In seinen mittwochabendlichen „Lauschangriffen“ in den Kammerspielen des Staatstheaters Darmstadt betrachtet Konzertdirektor Gernot Wojnarowicz die Musik aus verschiedenen Perspektiven des lebensalltags. Diese Mal hat er sich das Reisen vorgenommen, und da die ursprünglichste Form des Reisens das Wandern war, beginnt er gleich womit? Natürlich mit Schuberts „Winterreise“. Schon gleich zu Beginn des Abends legt Wojnarowicz eine Pause am Brunnen vor dem Tore unter dem Lindenbaum ein, um gleich darauf nostalgisch-musikalisch zu versichern, dass „sein Vater ein Wandersmann war“. Dann springt er mit Leroy Andersons „Horses and Buggy“ in das 20. Jahrhundert und bleibt dort erst einmal mit Prokofjews „Schlittenfahrt“, die ihn natürlich postwendend an Andersons berühmte und plattgewalzte „Musikalische Schlittenfahrt“ erinnert.

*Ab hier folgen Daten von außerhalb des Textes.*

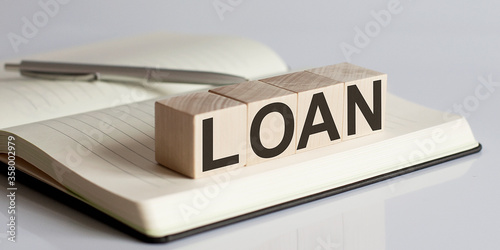 The LOAN sign on a wooden block on notebook background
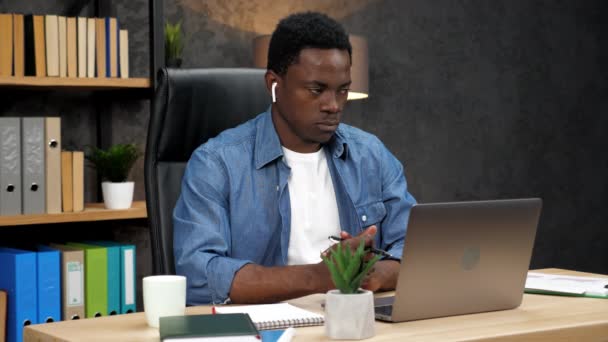 Hombre de negocios afroamericano escucha a los empleados en línea reunión de videollamada portátil - Metraje, vídeo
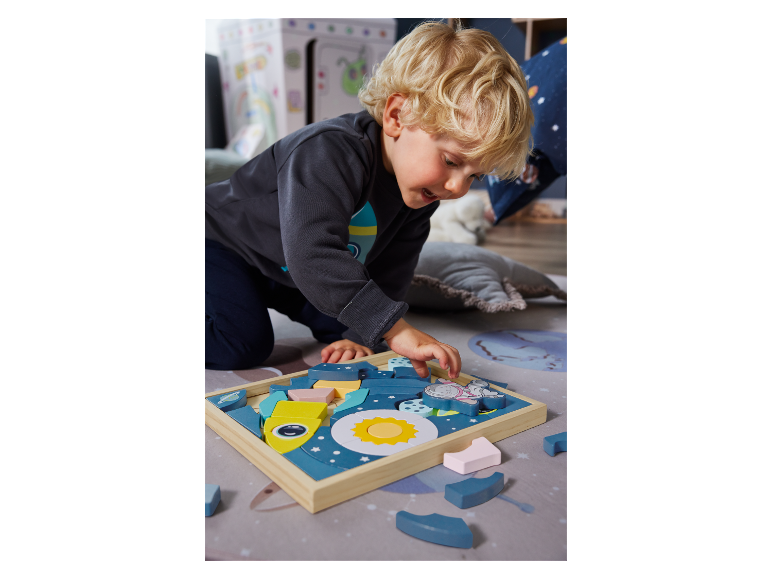 Junge spielt mit einem Holzpuzzle zum Thema Weltraum auf einem Teppich.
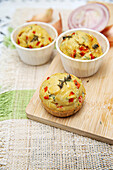 Spicy muffins with peppers, herbs, onions and sweet mustard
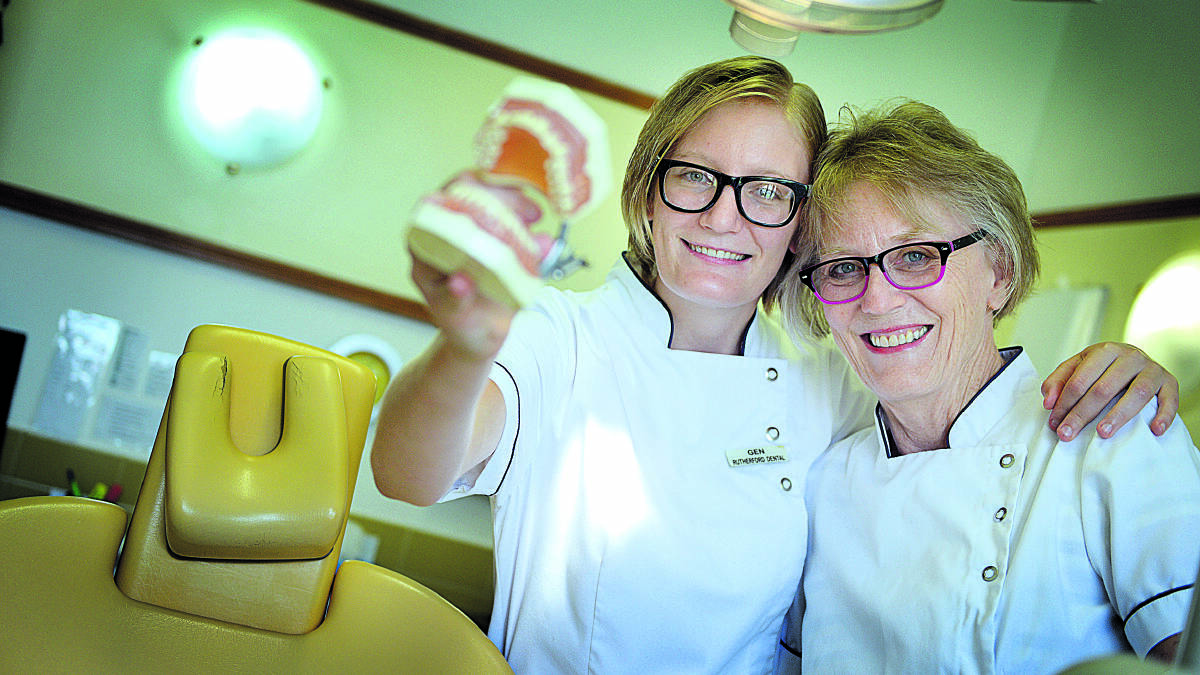 in mum’s footsteps:  Genevieve and Louise Nawrot, who work as dentists in Maitland.  	Picture by CATH BOWEN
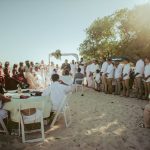 Convidados reunidos em casamento na praia, representando um casamento no exterior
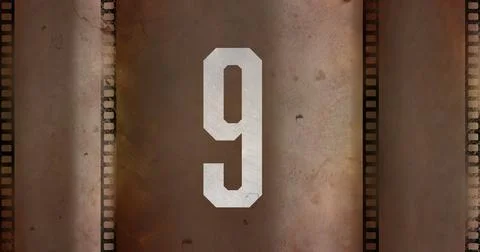 Composite of white number 9 text over old grudged film negative, copy space Stock Illustration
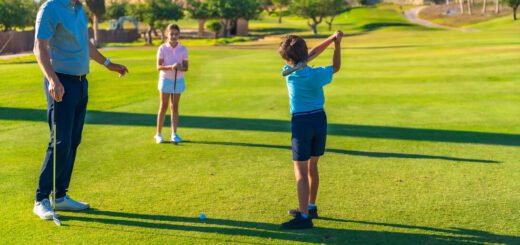 Boy in blue shirt swings a golf club while a man watches on a sunny course; a girl stands with a club in the background.
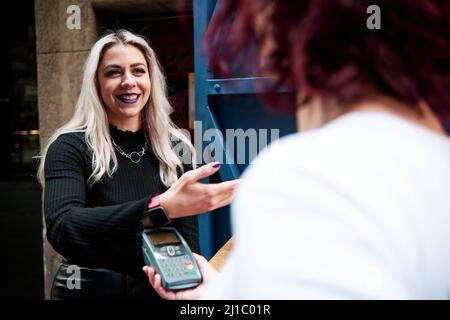 Alternative woman using wireless terminal for contactless payment with smart watch at a coffee shop. Stock Photo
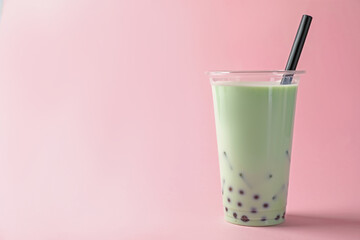Tasty milk bubble tea in plastic cup on pink background. Space for text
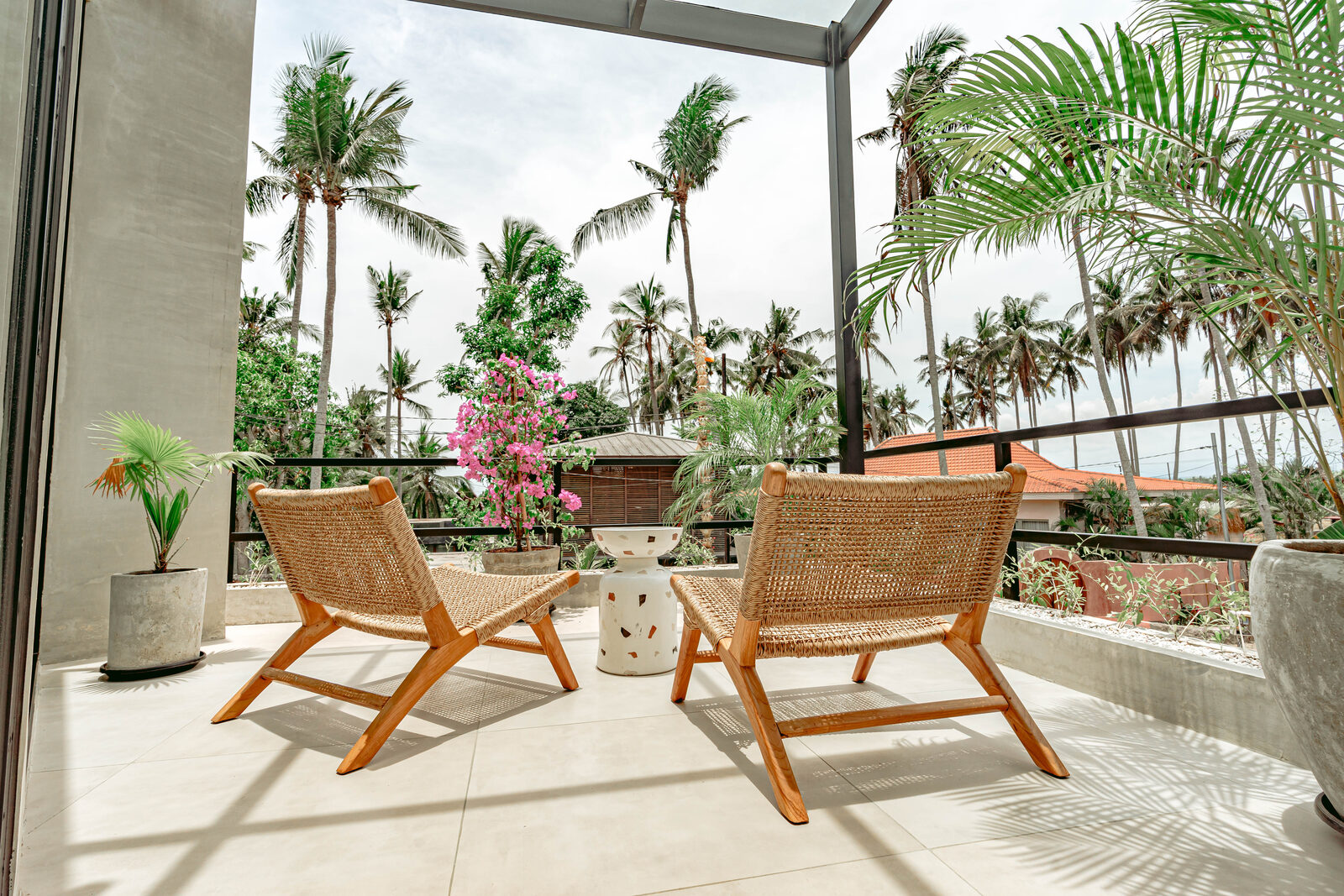 Villa terrace with rattan chairs and palm trees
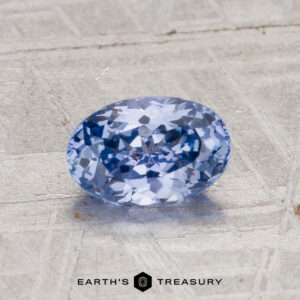 A 1.29-carat Ceylon sapphire with an oval cut and light blue hue rests on a textured gray surface, featuring "Earth's Treasury" branding at the bottom of the image.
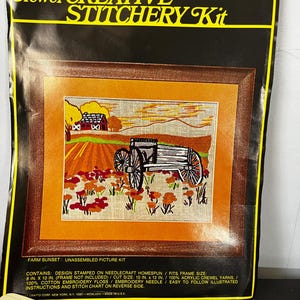 May include: A vintage Vogart Crafts Crewel Creative Stitchery Kit, featuring a framed "Farm Sunset" design. The kit includes stamped needlecraft homespun, acrylic crewel yarns, embroidery floss, and an embroidery needle. The frame size is 8 in. x 10 in.
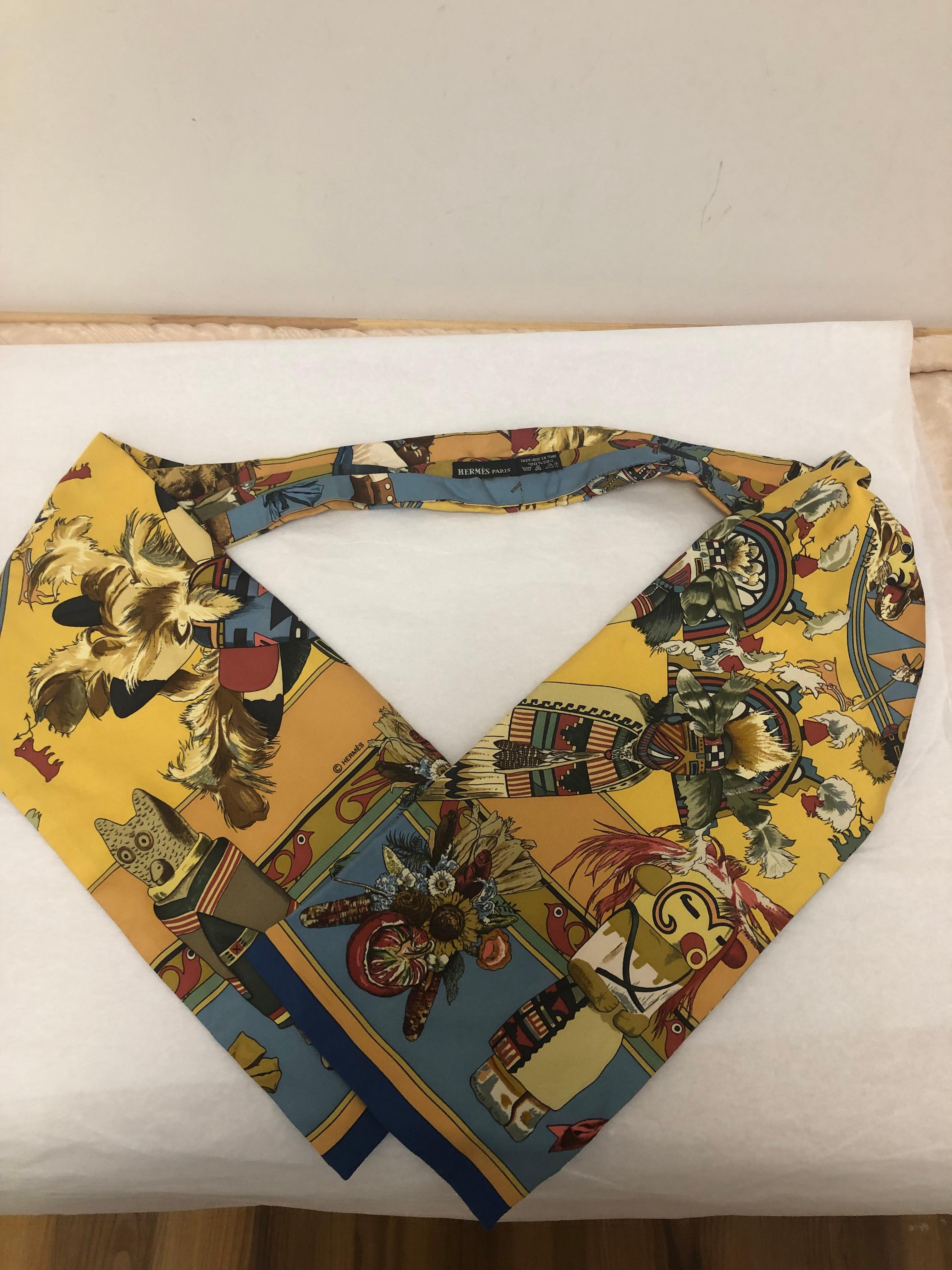 Designed by Kermit Oliver, this silk ascot/scarf represents images from the Navajo Chimayo People legends.
Kermit Oliver born in Texas designed many scarves for Hermes, most being of Native American culture.
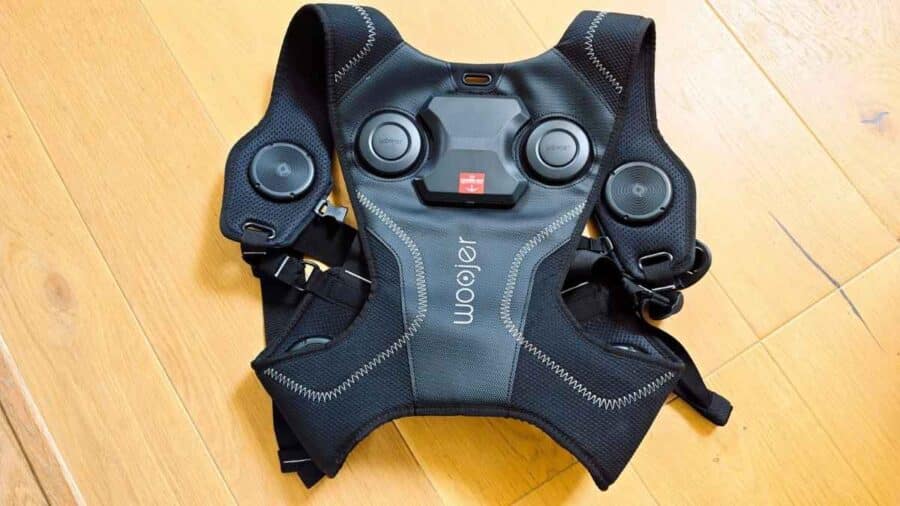 Woojer Haptic Vest 4 appoggiato su un pavimento in legno, visto dall’alto, con i trasduttori aptici e il modulo centrale ben visibili sul petto e sulle spalle.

Dann fällt ihm ein, dass man ja neben Pferden auch andere Tiere zum Reiten benutzen kann, und lässt Lohengrins „mein lieber Schwan“ ertönen, nicht ohne an die moderne Doppelbödigkeit dieses Titels zu erinnern. Mit „Lawrence von Arabien“ kommt kurz das Kamel ins Spiel, bevor der Referent als heimlicher Wahl-Hamburger (in Darmstadt gibt´s nur den Woog!) mit Rod Stewarts „I´m sailing“ auf seinem geliebten Segelboot an Bord geht. Die wogende See lässt ihn nicht los und spült ihn nach einem wilden Sturmgebraus aus „Othello“ (Una vela, un vesillo“) schließlich „Somewhere beyond the ocean“. Von dorther grüßt – fliehend nur – das „Hupkonzert“ von György Ligeti, und George Gershwin bringt ihn als „Amerikaner in Paris“ wieder nach Europa zurück.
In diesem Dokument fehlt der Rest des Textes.